Build Illinois Jobslink scraper, API, and front end.
This project was an attempt to build an Illinois Joblinks scraper and API to index the jobs. This was built such that important public job listing data could be accessible and utilized. This is aimed towards a more technically savvy audience who are familiar with HTTP requests, JSON, and general API protocol.
You will require the necessary python modules to run these scripts. Be sure to install the modules included in requirements.txt
.
You will also need to setup your own account on https://illinoisjoblink.illinois.gov/ada/r/ so that this tool is able to access all of the data. Beware, the process is cumbersome.
Furthermore, you MUST include your username and password in settings.py
so that the scraper is able to effectively login and grab data.
The scraping part of this project is found within init_scrape.py
. You can run the intial scrape (which scrapes ALL of the jobs) with the following:
python init_scrape.py
This should take a while as it must grab on the order of ~10^4 job listings and all of their associated data. The results of the scrape are stored within a sqlite
databse called listings.db
. This database can be accessed using the sqlite
client and can be, of course, interacted with using SQL. Those familiar with databases can use this directly to tailor this data for their specific uses.
We have included a module to setup an API so that others may access the data in the database using HTTP requests. This can be run using the following
python api.py
Query strings can be used to access the data. The endpoints are
/jobs
- Lists the job listings/help
- Lists the possible filters you may use
You may filter the job listings using query strings, such as http://127.0.0.1:5000/jobs?name=ferret&id=007
. Be sure to check the names of the parameters and what values are able to be taken. It is useful to refer to https://illinoisjoblink.illinois.gov/ada/r/search/jobs to see what valid entries are for fields.

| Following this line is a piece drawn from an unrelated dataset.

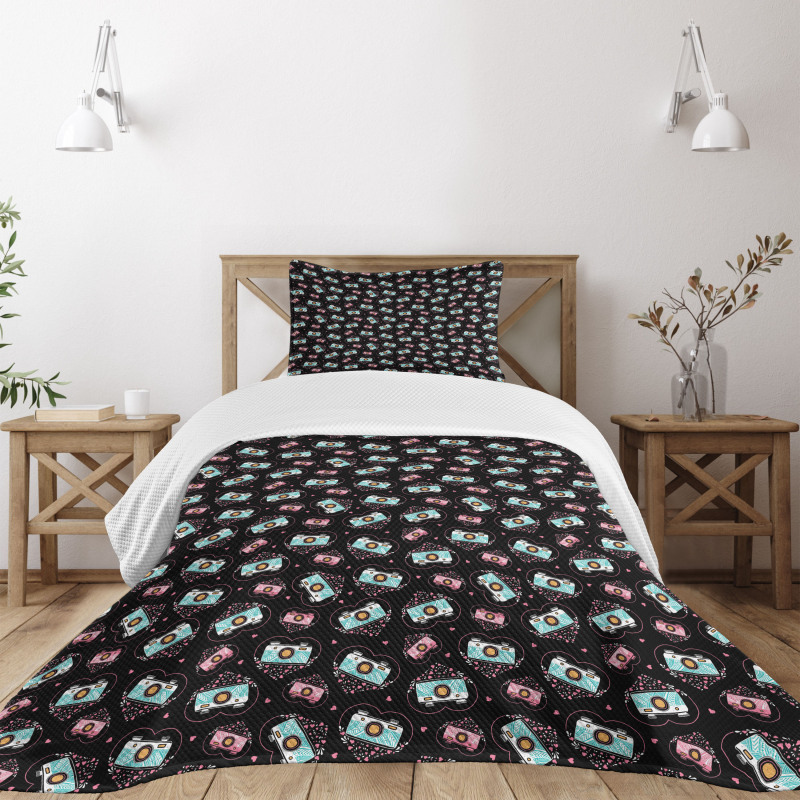 Valentines Romantic Hearts Bedspread Set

We have attempted to support integration with Google Fusion Tables in an effort to use Derek Eder Searcheable Map Template. However, due to the sheer number of job listings, it is not feasible to map all listings in any sensible manner. Furthermore, there exist Google restrictions that hinder our utilization of these tools. oauth.py
contains our attempts and currently is able to write all of the data to a Fusion Table, where perhaps some may find it useful to host for sharing of the data. You will need to update settings.py
accordingly with the correct FusionTableId
. This app will also require permission to your Google account so it may write to the target FusionTable.
You may also refer to our development notes/timeline below for both our development journey and greater insight into the inner mechanics.

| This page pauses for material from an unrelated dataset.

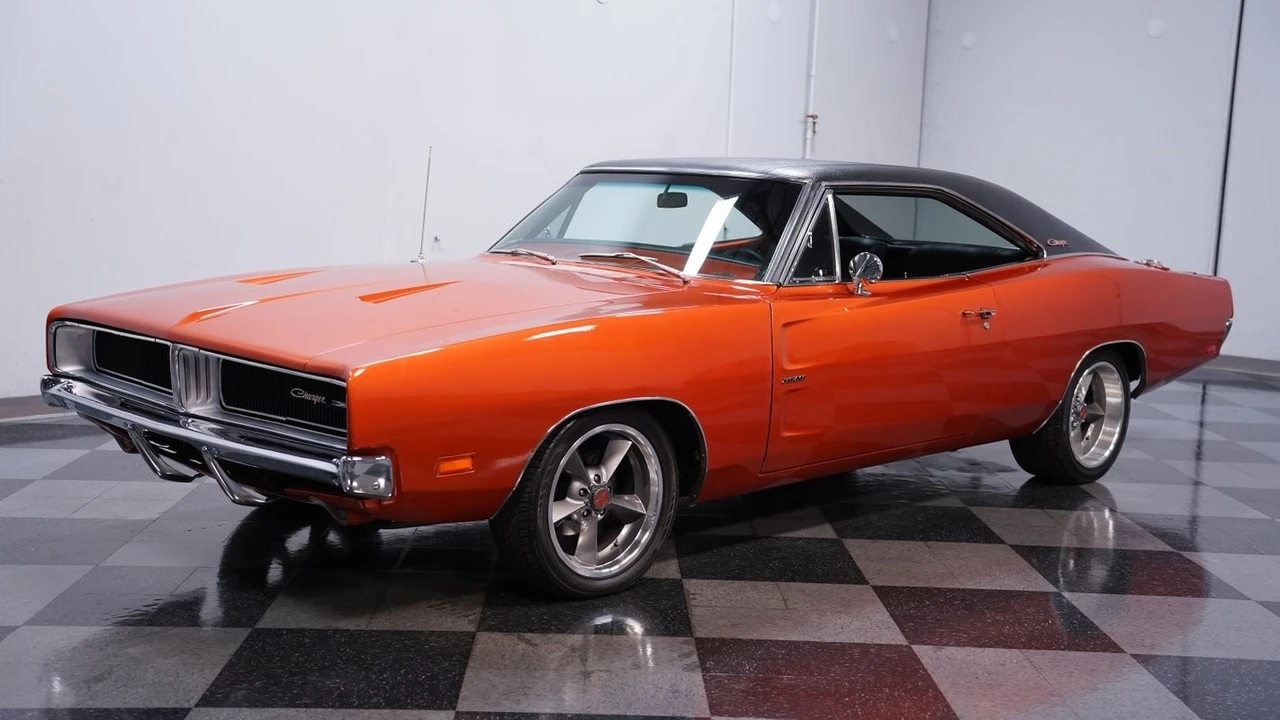 1969 Dodge Charger Hemi 2nd Gen - Image 7 of 12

Development Timeline & Misc. - NOTE: THIS IS NOT DESCRIPTIVE OF CURRENT WORKINGS - USED ONLY FOR DEV
-
Scrape the relevant information from https://illinoisjoblink.illinois.gov/ada/r/search/jobs. We will be using BeautifulSoup and Requests.
- Scrape
How To Apply
,Education Level
,Salary/Wages
,Location
- Python dictionaries, conditional and loop structures, HTTP methods, JSON.
- Iron out authentication and login problems on Illinois Jobslink site.
- Scrape
-
Store in Google Fusion Tables and sqlite database
- SQL queries helpful
- Will need to solve OAuth2 troubles
-
Derek Eder's Searcheable Map Template will be used as the front end.

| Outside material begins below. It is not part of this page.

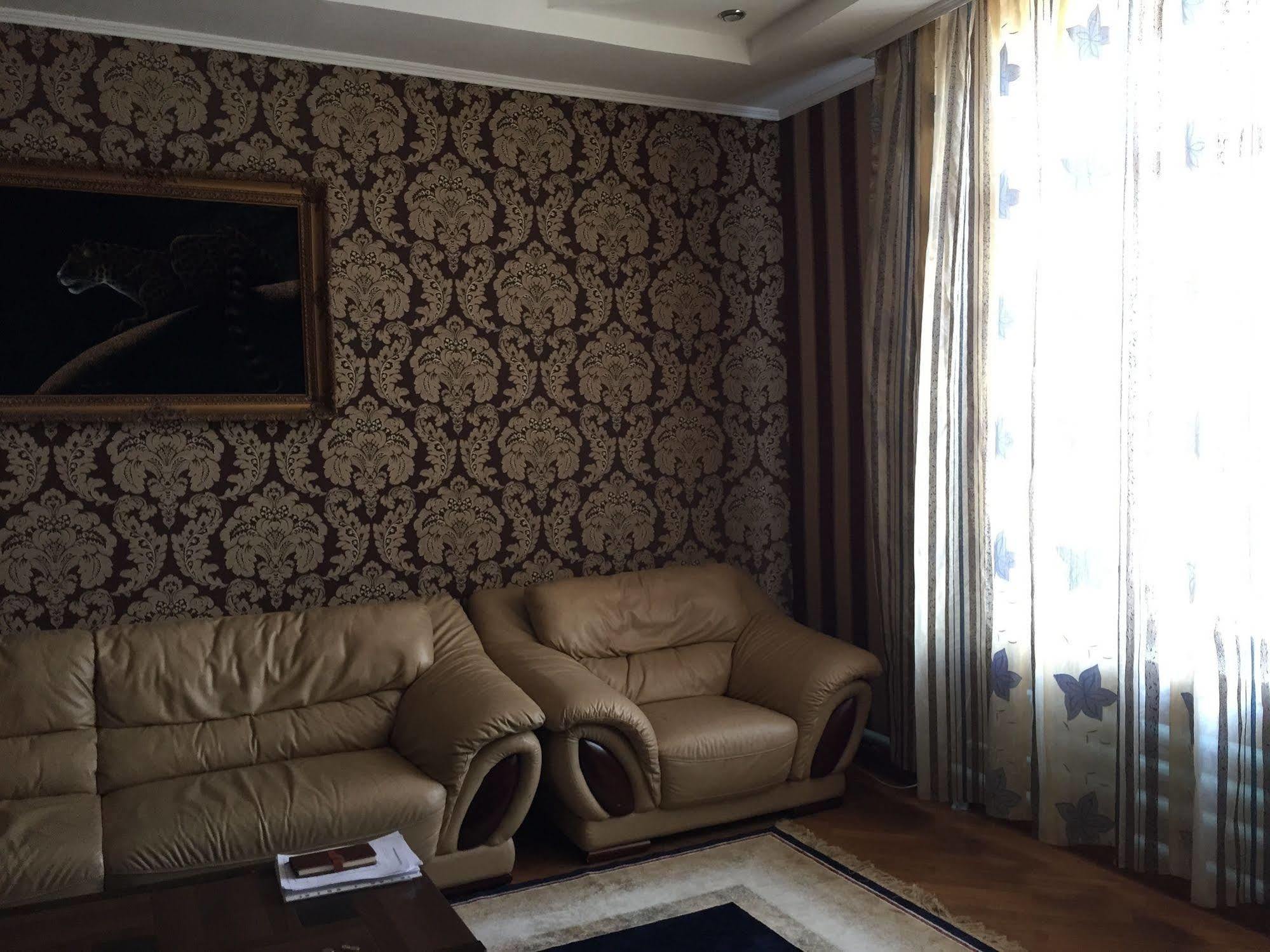 Rise Hotel Алматы Экстерьер фото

- Used before in Network9 Project for CPS
- Bootstrap, JS stuff.
-
Update Script that runs periodically (daily or weekly) and updates Google Fusion Tables and sqlite database.
- Will live on Heroku
We will be using Git and GitHub for this project. To get started, fork the repository to your own account. Once forked, go to your repository and clone it to your local machine.
git clone /FORKED/REPO/URL
Make sure you make a new branch when you are implementing a new feature. Be sure to be working in the right branch when coding.
You will also need to make sure you set your upstream repository correctly. To do that do the following:
git remote add upstream https://github.com/uchicagotechteam/illinois-jobslink.git
Then you will need to create and pull the branches themselves, as follows:
git checkout -b init_scrape
git checkout init_scrape
git pull upstream init_scrape
git checkout -b api
git checkout api
git pull upstream api
You'll be ready to code now! Make sure you are in the right branch by using git checkout <BRANCH_NAME>
.
Once you code, make sure you add your files and commit them. Push them to your forked repository when ready.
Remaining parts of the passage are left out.